• RECORDS SHOWN
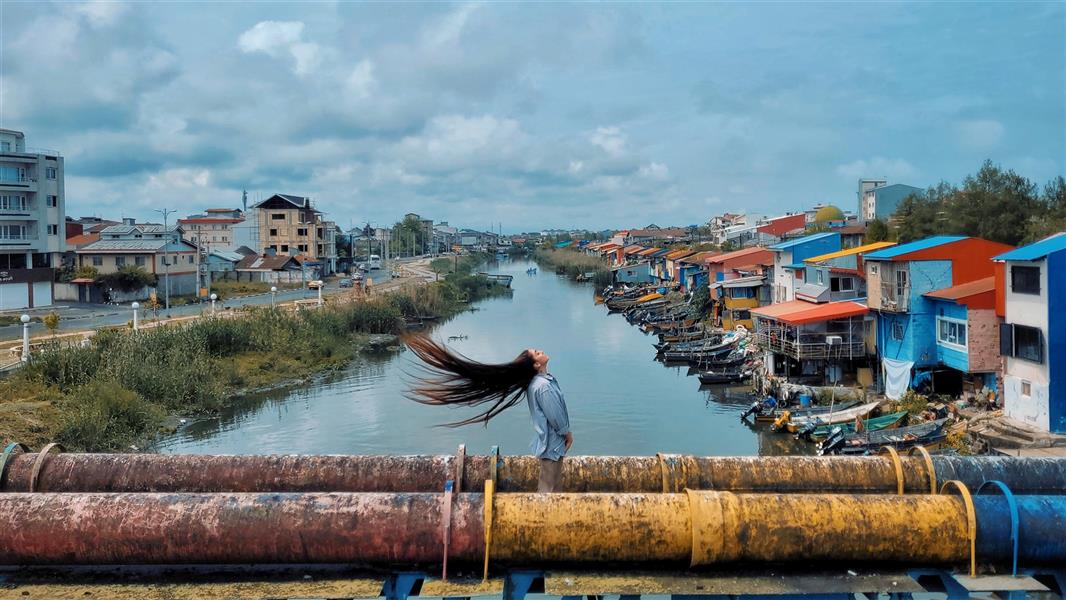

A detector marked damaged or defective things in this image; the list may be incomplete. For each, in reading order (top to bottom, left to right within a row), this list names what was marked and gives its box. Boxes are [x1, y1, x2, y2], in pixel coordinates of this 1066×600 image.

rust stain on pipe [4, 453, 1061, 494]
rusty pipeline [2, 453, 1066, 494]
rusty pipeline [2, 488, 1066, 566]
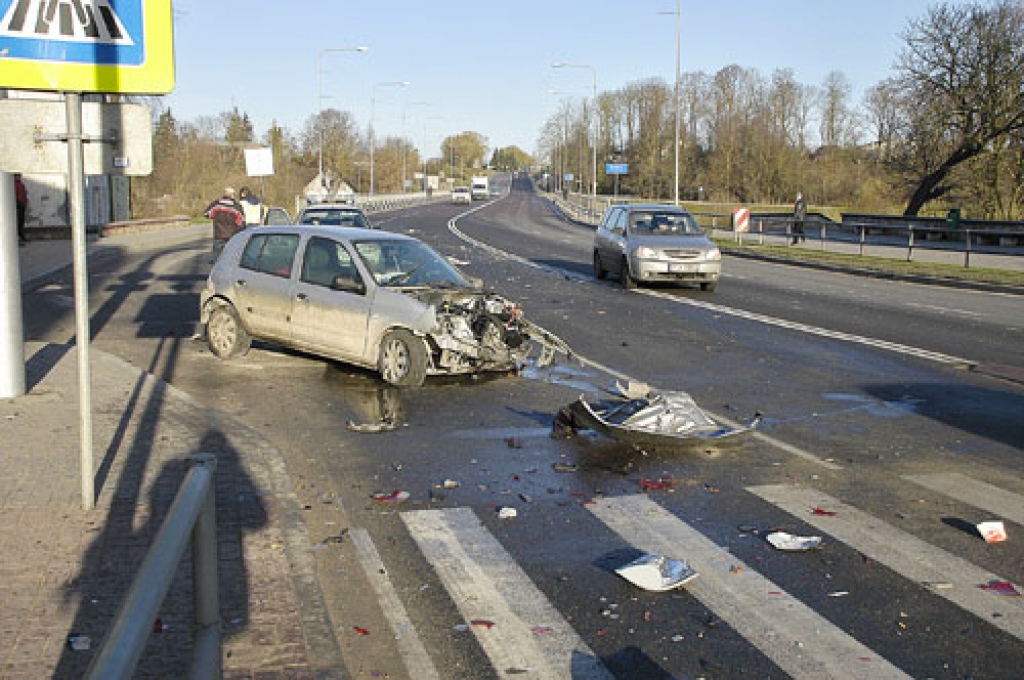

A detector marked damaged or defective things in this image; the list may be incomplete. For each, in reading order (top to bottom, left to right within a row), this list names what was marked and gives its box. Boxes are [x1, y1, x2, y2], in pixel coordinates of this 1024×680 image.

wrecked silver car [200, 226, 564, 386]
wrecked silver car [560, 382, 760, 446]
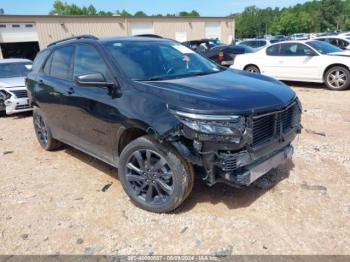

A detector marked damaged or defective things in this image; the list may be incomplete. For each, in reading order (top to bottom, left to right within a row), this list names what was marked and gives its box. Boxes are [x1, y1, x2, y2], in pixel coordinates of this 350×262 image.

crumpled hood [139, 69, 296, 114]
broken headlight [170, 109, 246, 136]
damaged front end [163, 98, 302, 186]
* * *
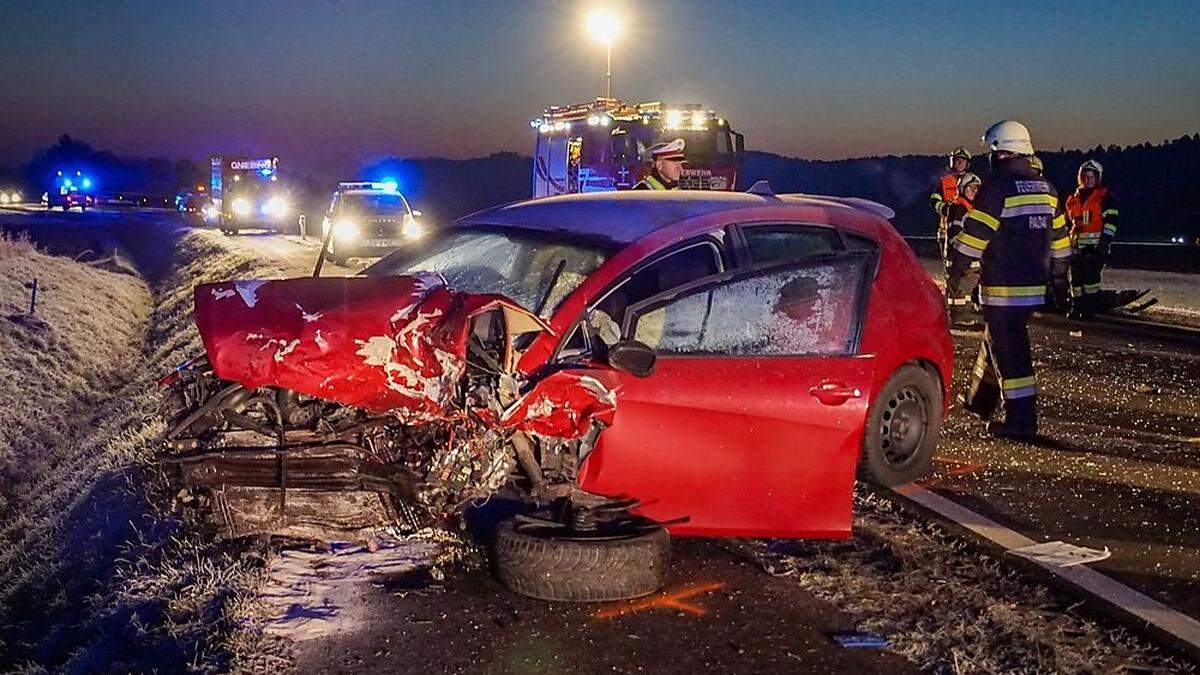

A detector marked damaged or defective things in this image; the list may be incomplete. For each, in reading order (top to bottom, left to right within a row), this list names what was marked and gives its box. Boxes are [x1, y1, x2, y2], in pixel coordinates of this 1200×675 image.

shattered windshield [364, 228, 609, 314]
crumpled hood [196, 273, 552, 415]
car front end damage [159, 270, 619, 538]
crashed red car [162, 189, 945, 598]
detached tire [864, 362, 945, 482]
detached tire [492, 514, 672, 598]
* * *
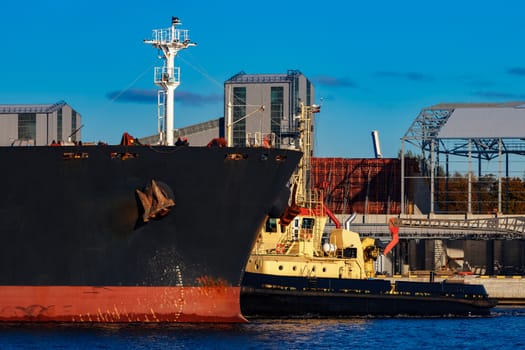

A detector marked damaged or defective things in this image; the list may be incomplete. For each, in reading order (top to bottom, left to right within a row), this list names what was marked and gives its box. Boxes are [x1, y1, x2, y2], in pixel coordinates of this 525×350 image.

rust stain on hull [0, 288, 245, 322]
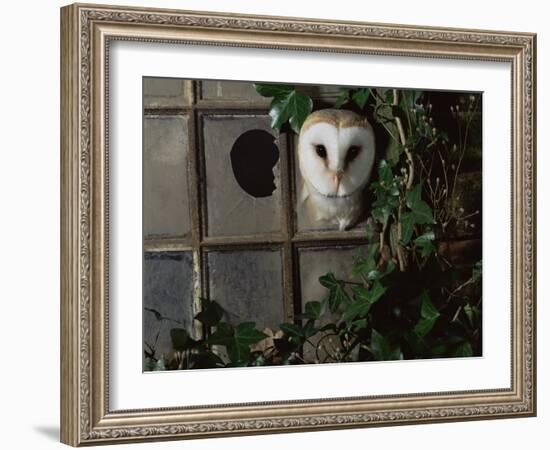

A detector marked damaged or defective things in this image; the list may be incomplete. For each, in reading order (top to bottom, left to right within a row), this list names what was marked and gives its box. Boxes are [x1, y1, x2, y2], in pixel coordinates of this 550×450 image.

• TASK TO COMPLETE
Starting at the line containing "this 525×350 image." and stopping at the line containing "this 550×450 image.", output each line exactly as it appears above. Leave out the pictures.

• YOUR RESPONSE
A detector marked damaged or defective things in this image; the list may be incomplete. For each, in reading order (top to bottom, left to right within a row), this list names what was marked and gives its box. Boxes are [x1, y1, x2, y2], in pixel coordinates of this 525×350 image.

rust stain on hull [0, 288, 245, 322]

A detector marked damaged or defective things in this image; the list may be incomplete. For each, in reading order (top to bottom, left to right within a row), this list names what was marked and gives its box. Boxes are [x1, y1, x2, y2], in pixel coordinates of this 550×450 image.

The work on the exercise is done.